Interested in learning more? Read our interview with Carolyn.
Artist Interview: Ryoji Ikeda, creator of superposition
superposition is a performance created by visual and sound artist Ryoji Ikeda. Inspired by the mathematical notions of quantum mechanics, Ikeda employs a spectacular combination of synchronized video screens, real-time content feeds, digital sound sculptures, and for the first time in Ikeda’s work, human performers.
The work will be premiered at the MET in New York City immediately before it arrives in Ann Arbor on October 31 and November 1.The interview excerpted below is between Ryoji Ikeda and Peter Weibel, and was recorded at ZKM Karlsruhe on July 31, 2012 by Manuel Weber and transcribed by Wolfgang Knapp.

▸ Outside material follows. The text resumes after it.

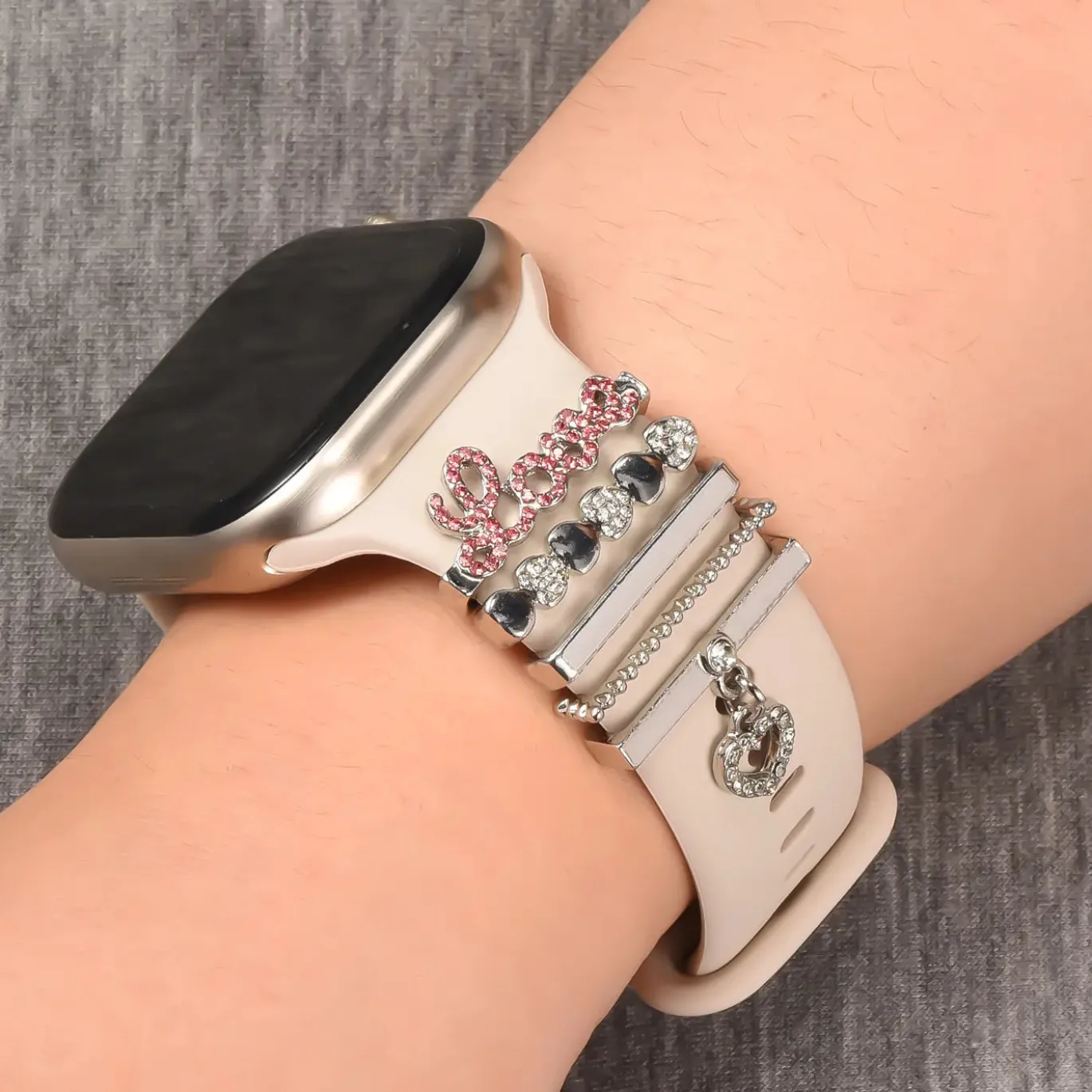 Smartwatch Armbandschmuck Set mit Charms & Deko-Ringen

Peter Weibel: First, thank you for the time and opportunity to speak about your work. My first question would be about title: superposition. Are you referring to the quantum mechanical idea or are you referring to the cinema, where you work with superpositions. What is the idea behind the title?
Ryoji Ikeda: I have never specified anything. How did you feel when you heard the word “superposition”? I am very curious about people’s can impressions when they hear “superposition.”

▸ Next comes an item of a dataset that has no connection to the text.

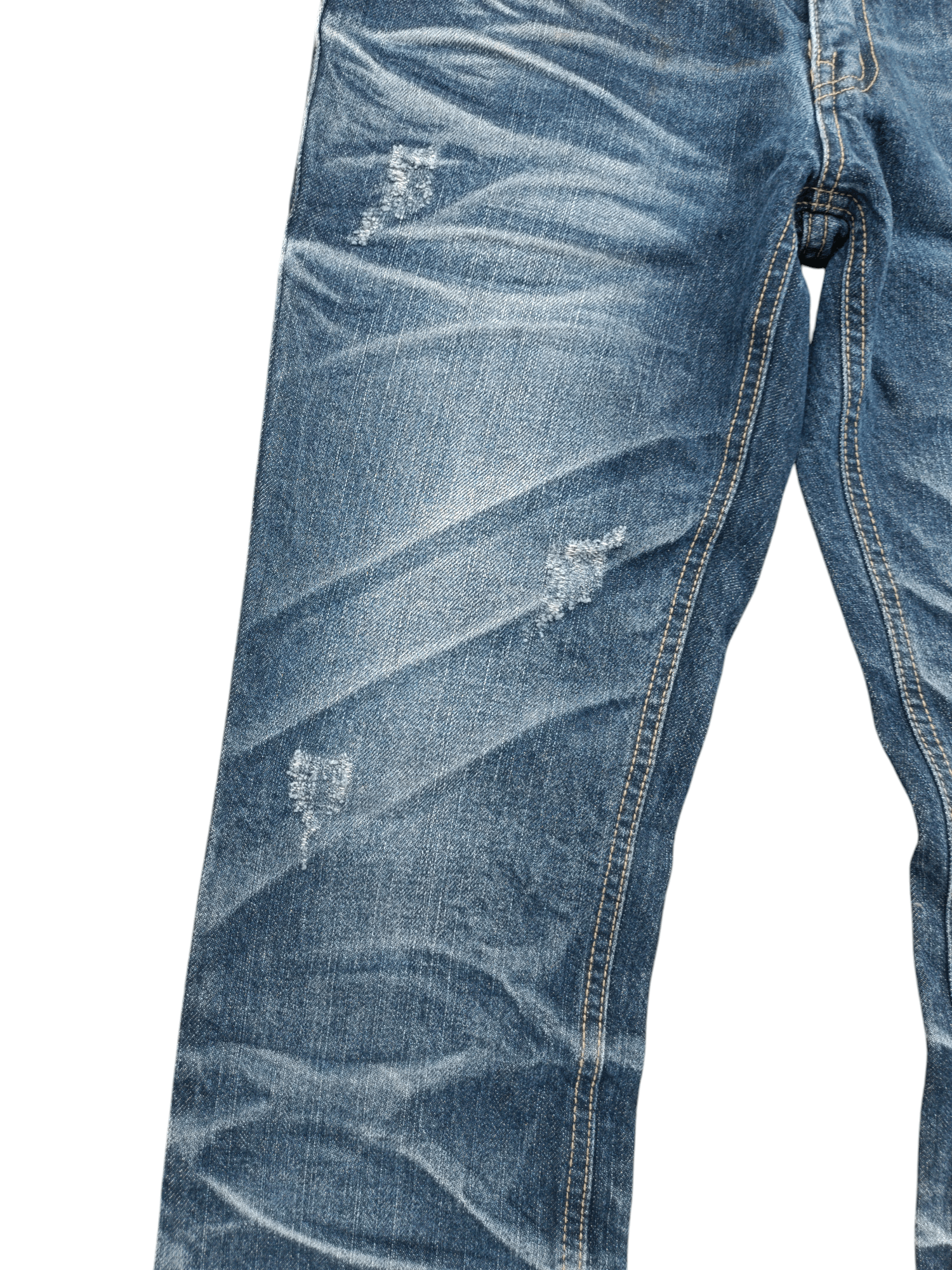 Japanese Brand BUZZ SPUNKY Skinny Distressed Whiskers Faded Rare Design Size US 30 / EU 46 - 5 Thumbnail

PW: Well, I would think of the wave function of Schrödinger, from quantum mechanics. Then I would think of the super-imposing of image on image, and then I would think of the observer who has a position superior to anything else.
RI: Because you are a very intellectual person. When you hear the word superposition, you are inspired. But, for example, my mother just thinks, “Super! Position!” The word has a very wide spectrum of meanings, and I think that’s good. People can get many meanings. And of course, I am obsessed by that quantum mechanical meaning. And also, the other superposition principle, the fundamental principle of physics. For example, the harmonics that superpose and that make our voice and sound.
superposition performance trailer:
PW: So you are also thinking of musical notations? Of the superimposition of frequencies?
RI: Yes, exactly. But the core topic for me is the quantum mechanical meaning, the fundamental characteristic of quantum physics.
PW: When did you become interested in the quantum nature of reality? And why?
RI: I read some books when I was a student. Of course, it was really difficult and pretty counter-intuitive. But it stunned me to discover quantum mechanics. After that, I became an artist, but it was absolutely impossible to describe quantum mechanics for my art. So, I just make a piece of art. It’s a performing art piece, which never explains quantum mechanics. It is rather inspired by quantum mechanics. Some of the expressions are scientifically correct. I use lots of data sets from NASA and so on, but the construction, the composition is very intuitive because I am an artist. So, it’s hybrid.
PW: I see. I can imagine that when you have to make a decision between the classical world view — that means causality and mechanics — and quantum mechanics, I think that, as an artist, the idea of uncertainty or of many different possible worlds is more attractive. I think all these possible worlds give us — as artists — more freedom.
The people who help you working on the superposition performance – your assistants; are they programmers? Musicians? What is their profession?
RI: They are basically programmers. And architects and all kinds of artists. They are very young, in their twenties. They can program almost in every language. Super.
PW: I have a question for you as an artist. How do you solve the following problem? Morton Feldman, the wonderful American composer, said that music is structure. Normally it is time-based structure. But Feldman disliked most kind of music because it is a slave of time. Rhythm and beat – these things control the music. Time tells music what to do. But Feldman wanted to destroy this control. He wanted music that was not slave to time. How do you solve this problem? Can we create a music that is superior, music that destroys our structure of time?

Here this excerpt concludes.